Caption-style text data:
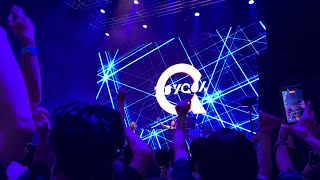[GOLD DISC 3rd ANNIVERSARY PARTY] PSYQUI [2026/5/9]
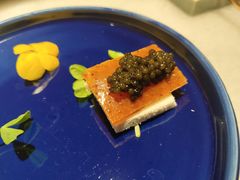 鱼子酱烤鸭·位-晟永興烤鸭店(五道口店)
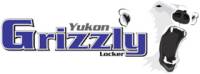 Grizzly Locker - DANA 35: GRIZZLY LOCKER (4 SERIES/27 SPLINE) 3.54 & UP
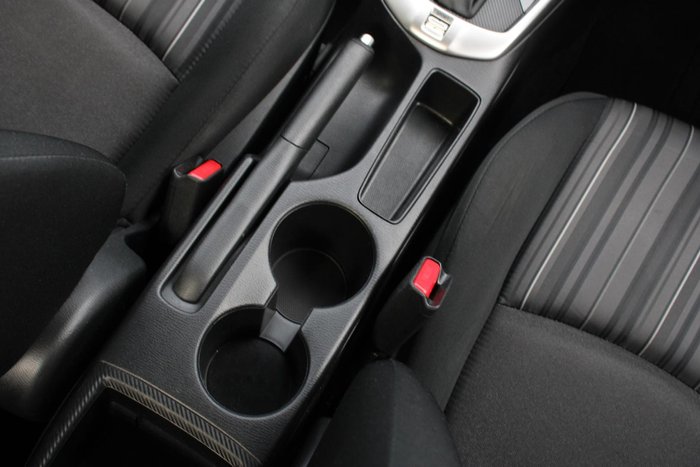 2017 Mazda 2 Neo DL Series Metropolitan Grey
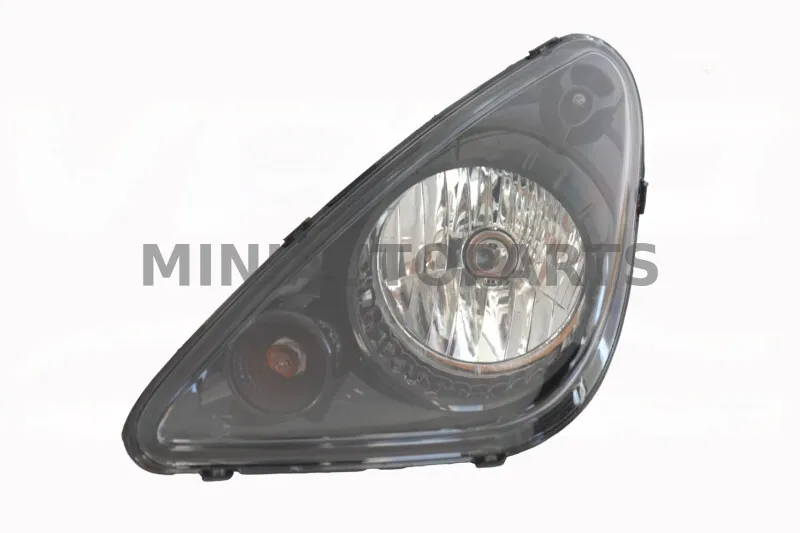 Kreisais priekšējais lukturis Aixam Impulsion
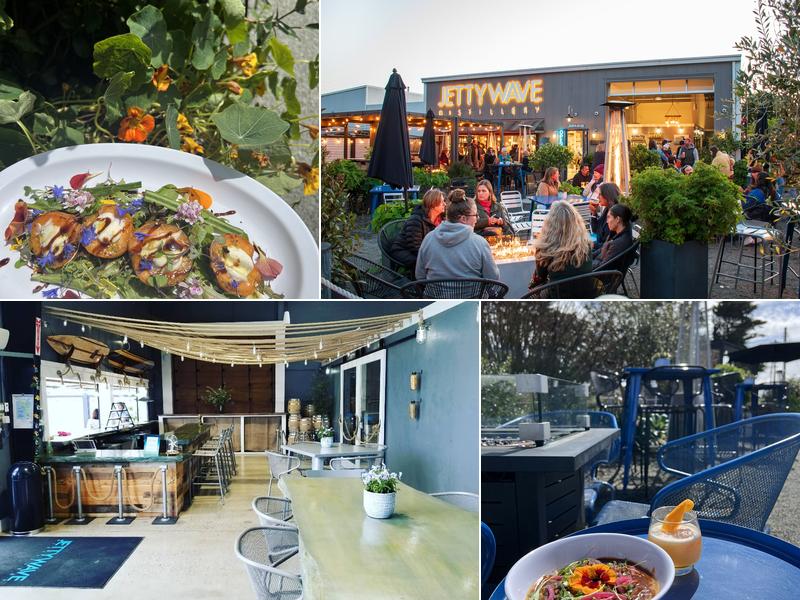 Jettywave Distillery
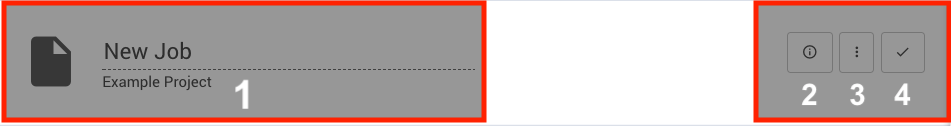 Header Menu Header Menu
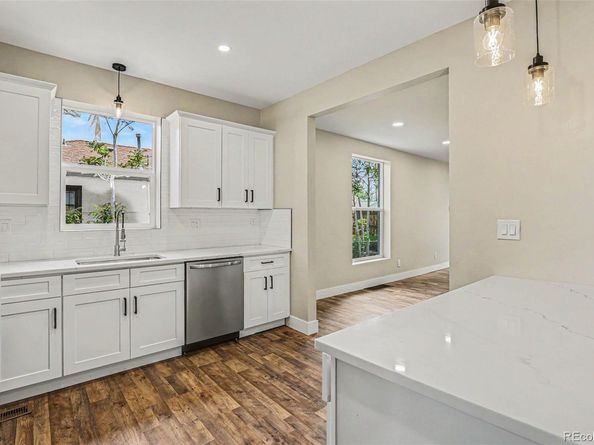 4428 Elizabeth Street, Denver CO 80216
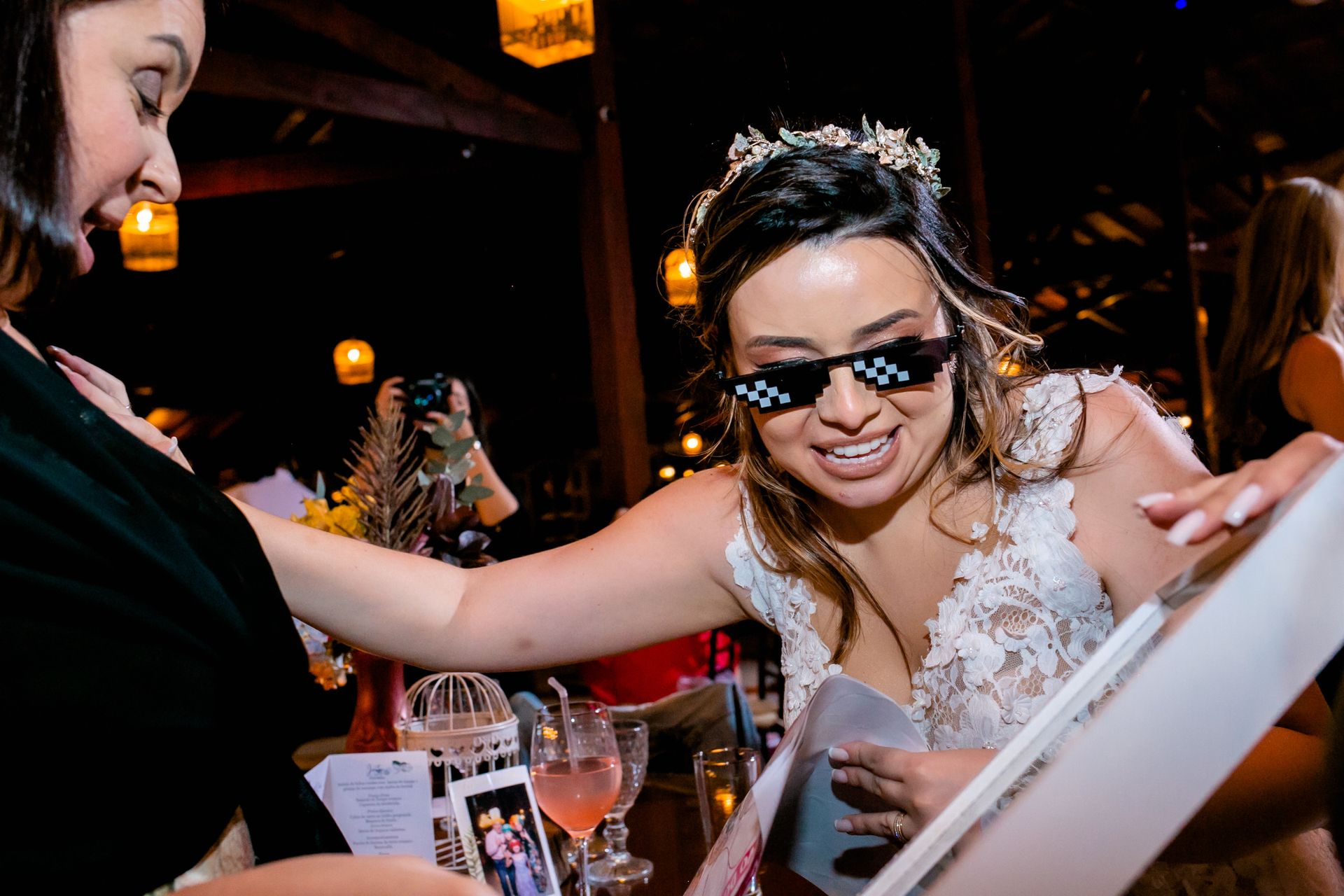 Casamento Leticia + Ayrton - 2 - 2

§ Action item:
Please set down every record above exactly as it appears, leaving out the pictures.

§ Task answer:
[GOLD DISC 3rd ANNIVERSARY PARTY] PSYQUI [2026/5/9]
 鱼子酱烤鸭·位-晟永興烤鸭店(五道口店)
 Grizzly Locker - DANA 35: GRIZZLY LOCKER (4 SERIES/27 SPLINE) 3.54 & UP
 2017 Mazda 2 Neo DL Series Metropolitan Grey
 Kreisais priekšējais lukturis Aixam Impulsion
 Jettywave Distillery
 Header Menu Header Menu
 4428 Elizabeth Street, Denver CO 80216
 Casamento Leticia + Ayrton - 2 - 2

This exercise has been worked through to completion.